**DIRECTIONS FOR THIS TASK**
Among the entries below, only the lines starting at the one with "Book cover of" and ending at the one with "新奧門特免費資料大全凱旋門,全面數據管理方案_家長專區2241.4473", both included, are to be printed exactly.
### DATA UNDER STUDY
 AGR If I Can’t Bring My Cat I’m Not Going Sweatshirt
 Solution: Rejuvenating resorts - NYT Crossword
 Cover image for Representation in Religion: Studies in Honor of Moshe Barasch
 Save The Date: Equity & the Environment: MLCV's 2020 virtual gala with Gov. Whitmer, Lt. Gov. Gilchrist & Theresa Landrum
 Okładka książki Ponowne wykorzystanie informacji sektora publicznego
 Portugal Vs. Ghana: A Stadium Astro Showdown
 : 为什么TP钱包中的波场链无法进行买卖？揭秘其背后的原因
######
### DATA UNDER STUDY
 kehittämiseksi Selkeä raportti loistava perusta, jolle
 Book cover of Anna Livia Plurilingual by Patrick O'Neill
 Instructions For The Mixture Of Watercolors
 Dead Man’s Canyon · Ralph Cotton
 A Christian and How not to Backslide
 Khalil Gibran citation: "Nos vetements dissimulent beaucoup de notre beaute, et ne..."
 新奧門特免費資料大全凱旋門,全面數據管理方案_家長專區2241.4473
######
### DATA UNDER STUDY
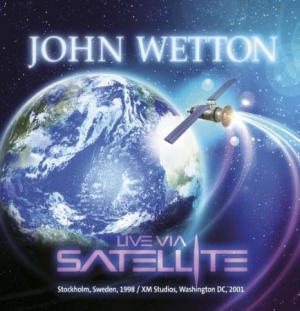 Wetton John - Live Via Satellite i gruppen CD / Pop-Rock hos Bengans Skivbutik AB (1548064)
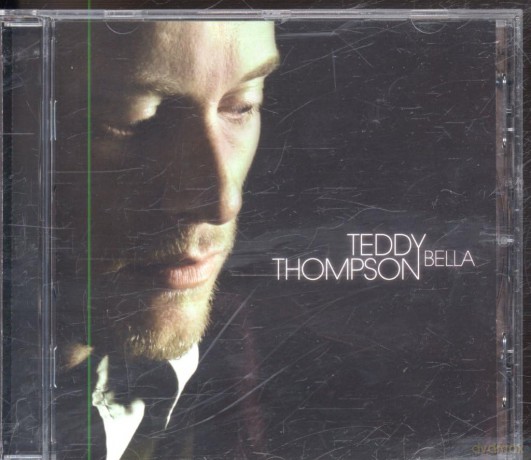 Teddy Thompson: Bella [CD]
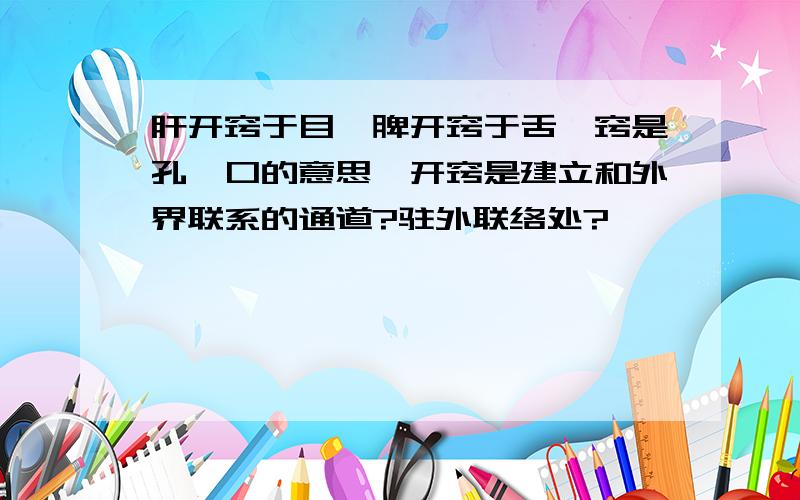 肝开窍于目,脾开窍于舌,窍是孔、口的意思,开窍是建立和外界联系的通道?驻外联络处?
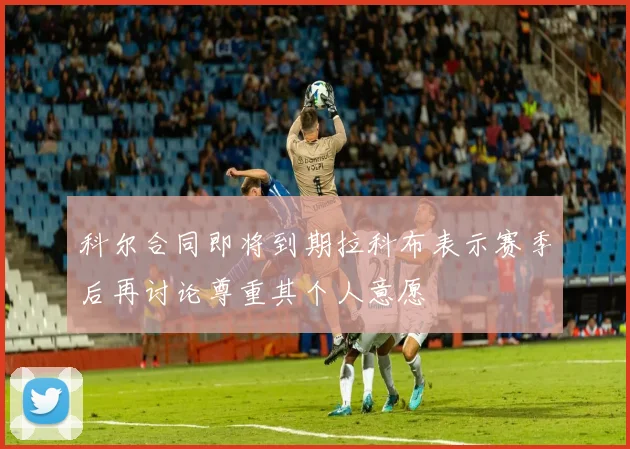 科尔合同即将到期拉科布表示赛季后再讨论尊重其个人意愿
######
**EXPECTED ANSWER**
 Book cover of Anna Livia Plurilingual by Patrick O'Neill
 Instructions For The Mixture Of Watercolors
 Dead Man’s Canyon · Ralph Cotton
 A Christian and How not to Backslide
 Khalil Gibran citation: "Nos vetements dissimulent beaucoup de notre beaute, et ne..."
 新奧門特免費資料大全凱旋門,全面數據管理方案_家長專區2241.4473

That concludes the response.